Posted by on February 1, 2006 10:52 AM
Shubhosree,
You have done it again! Your articles really make me sit up and think about love, relationships, what we miss out or must include in parenting.
Your'e right we really need to start making efforts to address this issue. The solution can't lie in switching off the channel, either party walking out of the room or being numb to the whole thing. Especially today when satellite channels are playing in our households 24 x 7.

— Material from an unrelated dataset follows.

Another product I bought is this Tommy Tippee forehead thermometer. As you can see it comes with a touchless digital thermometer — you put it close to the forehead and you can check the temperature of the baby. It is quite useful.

Your post reminded me of an incident that happened in my house long time back. I was watching a really great English film (can't remember the name)by myself. My parents were dojng their respective work. Just as a scene showing the protagonists in an intimate love scene came up by Dad happened to walk into the room. He got embarrased and walked out. I said to myself "Darn it why did he have to come in right at this moment!"
I saw from the corner of my eyes that he was whispering something to my mom and mom trying to expalin him something. Later I asked her what was it that dad seemed to agitated about (not that I didn't know ;)) She told me he was concerned that I was watching 'bad' things. My mom responded to him by saying that don't worry I keep an eye on what she is watching.

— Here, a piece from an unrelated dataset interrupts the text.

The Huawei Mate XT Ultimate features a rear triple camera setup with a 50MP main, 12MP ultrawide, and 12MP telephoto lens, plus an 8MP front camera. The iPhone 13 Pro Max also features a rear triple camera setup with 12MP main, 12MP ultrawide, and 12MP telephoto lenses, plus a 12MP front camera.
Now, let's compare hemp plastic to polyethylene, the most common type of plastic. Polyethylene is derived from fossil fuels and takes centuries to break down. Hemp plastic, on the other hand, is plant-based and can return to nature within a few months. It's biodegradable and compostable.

Parents need to be tactful while keeping a watch on their kids and like Shubhosree has said Communication needs to be there.
Here's another instance: When the Kaanta laga song came up there was a lot of Hulla bulla about it. We had a young girl staying with us in those days who was into watching these remixes. So my mom decided to first watch it and see what was the hulla bulla about. After seeing it she told her "They have messed up the whole song and the sensuousnes of it. You must see the original one done by Asha Parekh."

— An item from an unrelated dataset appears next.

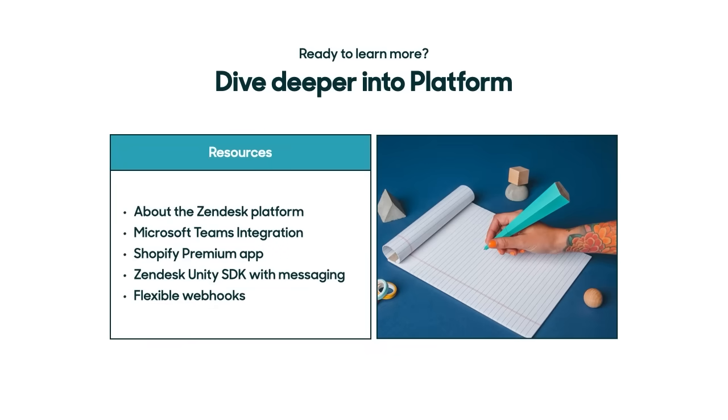And that's what's new with Platform this quarter. If you'd like to dive deeper, check out our webpage and the resources below. Thank you for joining us today.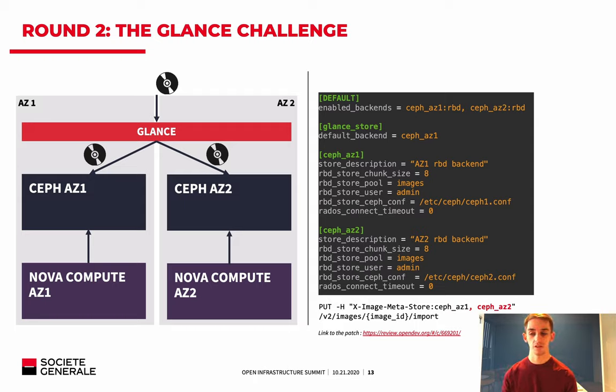From there, the Glance team also developed the ability to copy an image from one store to another. For Victoria, we added the capability to stage-provision images to be even faster on upload. By pushing Kolla-Ansible to its limits, using routed provider networks in Neutron, and developing the multi-store import feature in Glance, that's how we achieved stretching our OpenStack deployment — now running around 3,000 VMs on 80 compute nodes, and it runs quite well.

Parents need to drive away attention of kids not from sex but from unhealthy sexual contents.
Posted by
Sundar and Chaitali,
I would have to agree with Chaitali here that switching the TV off isnt really the answer. It is only going to supress the issue further more. And thats exactly what we are trying to avoid here. As I said in my piece too that parents need to be able to TALK to their kids when such scenes do come up. And Chaitali has given a great example of how to do that (the Kaanta laga incident). We as adults need to move use opportunities like these to help children see the difference between a healthy and a messed up sexuality.
Thanks for sharing those incidents Chaitali.
Posted by
Shubz
On a slightly more compassionate tone for parents I have to say I do not envy them having to face what T.V brings home in this global media madness. Having had few, if none of the spaces, that the young demand or take for granted I guess they really end up feeling like the cat got their tongue everytime sex waves its frontal view in there face. Not to mention the cheeky, out-there questions that the young are infamous for throwing at one. I often wonder if I had been a parent in these times would I always find the right words, manner etc to tell it like I should? I have to admit the thought is daunting.
Posted by
Dear jasjit,
I totally agree with you. It is indeed a very difficult job to be a parent and I completely understand their predicament (as I have mentioned in my piece too) and believe me, all my sympathies are with them. And honestly speaking, I too have no idea how I am going to handle such situations when the time comes! But I do know one thing for sure, I will not shove it under the table and make myself, the kids and everyone else around want to kill themselves! As I have professed in my piece, I shall talk about it (at least I will always make a sincere effort) without any judgements and discomfort.
May God grant me the strength and wisdom :)
Posted by
to be a parent is a gr8 sadhana...the scriptures mention that being a good parent leads to phenomenal spiritual elevations..can't agree more...
Posted by on February 1, 2006 11:55 AM
great piece shubhosree...we can all remember such instances from our childhood...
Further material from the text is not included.